Mmaudio V2

Playground

MMaudio v2 produces synchronized audio from video or text inputs, ideal for adding soundtracks to videos when paired with video models. Ready-to-use REST inference API, best performance, no coldstarts, affordable pricing.

Features

MMAudio v2 — wavespeed-ai/mmaudio-v2

MMAudio v2 generates high-quality sound effects and ambience for a video using the visual content plus a text prompt. Upload a clip, describe the audio you want (environment, materials, impacts, whooshes, texture), and the model synthesizes a synced audio track that matches motion and timing.
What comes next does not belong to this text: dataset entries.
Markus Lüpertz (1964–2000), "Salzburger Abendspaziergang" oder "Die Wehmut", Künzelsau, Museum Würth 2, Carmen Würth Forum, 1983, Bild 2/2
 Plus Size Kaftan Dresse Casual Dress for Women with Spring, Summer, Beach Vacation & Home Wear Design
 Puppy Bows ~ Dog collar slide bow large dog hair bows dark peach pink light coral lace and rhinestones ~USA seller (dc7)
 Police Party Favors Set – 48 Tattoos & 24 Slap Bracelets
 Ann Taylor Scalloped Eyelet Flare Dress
It’s ideal for adding cinematic SFX, atmospheric layers, and “sound design” style audio to silent footage.

Key capabilities

Video-to-audio generation (adds sound to an existing video)
Prompt-driven sound design: ambience, impacts, textures, mechanical sounds, nature
Timing-aware audio that follows visual motion beats
Optional negative_prompt to avoid unwanted audio characteristics
Duration control for generating audio for different clip lengths
mask_away_clip option for generating audio without directly using the original clip audio

Use cases

Add cinematic ambience to silent clips (city night, wind, rain, room tone)
Create synced sound effects (footsteps, fabric rustle, metal clanks, sparks)
Product and food sound design (sizzles, pours, crackles, knife cuts)
Trailer-style audio layers for short edits and social videos
Rapid sound prototyping before final mix and mastering

Pricing

Unit	Price
Per second of audio	$0.001

Examples:

Duration	Price
5s	$0.005
8s	$0.008
10s	$0.010

Inputs

video (required): the source video to generate audio for
prompt (required): describe the desired sound

Parameters

duration: audio length in seconds
num_inference_steps: sampling steps
guidance_scale: prompt adherence strength
negative_prompt: what to avoid (e.g., “muffled, noisy, distorted, music”)
mask_away_clip: whether to mask away the clip (useful when you want fully generated audio)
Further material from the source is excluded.